■ YOUR TASK: Your output should match the listing below word for word, without any images.

■ SUPPLIED INFORMATION:
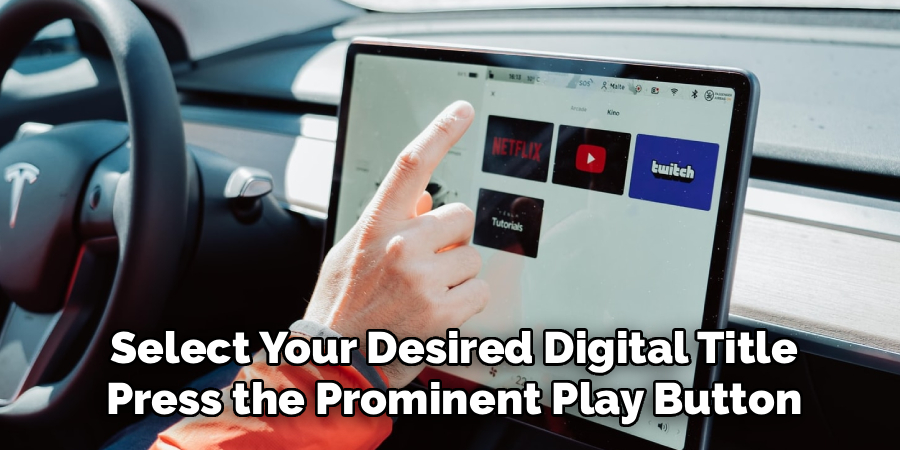 Select Your Desired Digital Title
Press the Prominent Play Button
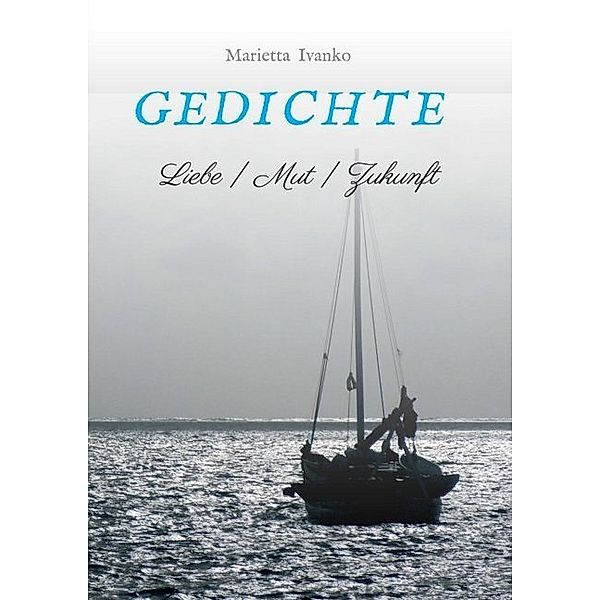 Gedichte, Marietta Ivanko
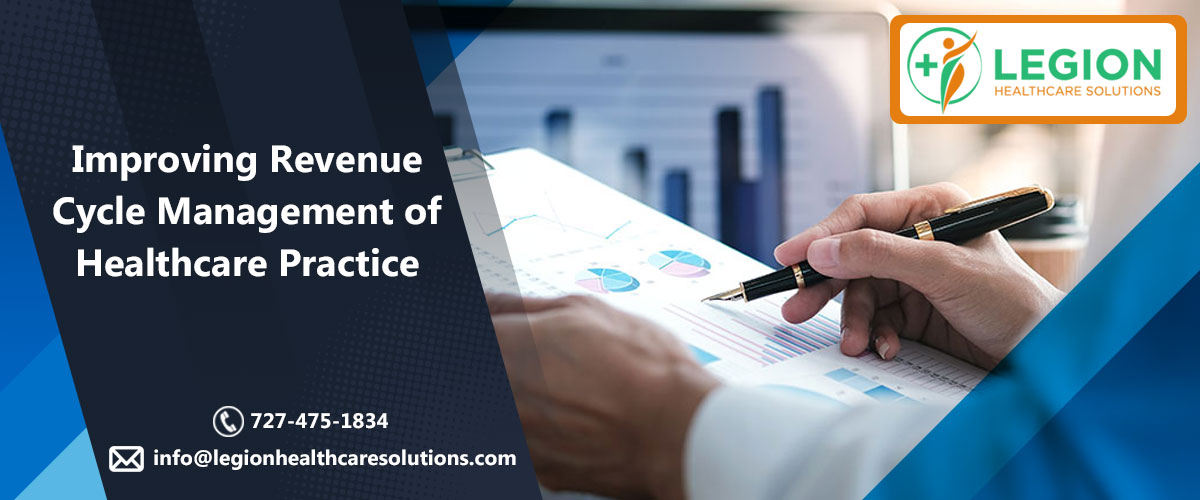 Improving Revenue Cycle Management of Healthcare Practice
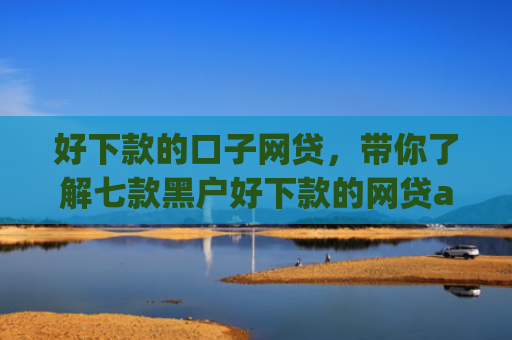 好下款的口子网贷，带你了解七款黑户好下款的网贷app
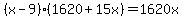 %28x-9%29%281620%2B15x%29+=+1620x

■ EXERCISE RESULT:
 Select Your Desired Digital Title
Press the Prominent Play Button
 Gedichte, Marietta Ivanko
 Improving Revenue Cycle Management of Healthcare Practice
 好下款的口子网贷，带你了解七款黑户好下款的网贷app
 %28x-9%29%281620%2B15x%29+=+1620x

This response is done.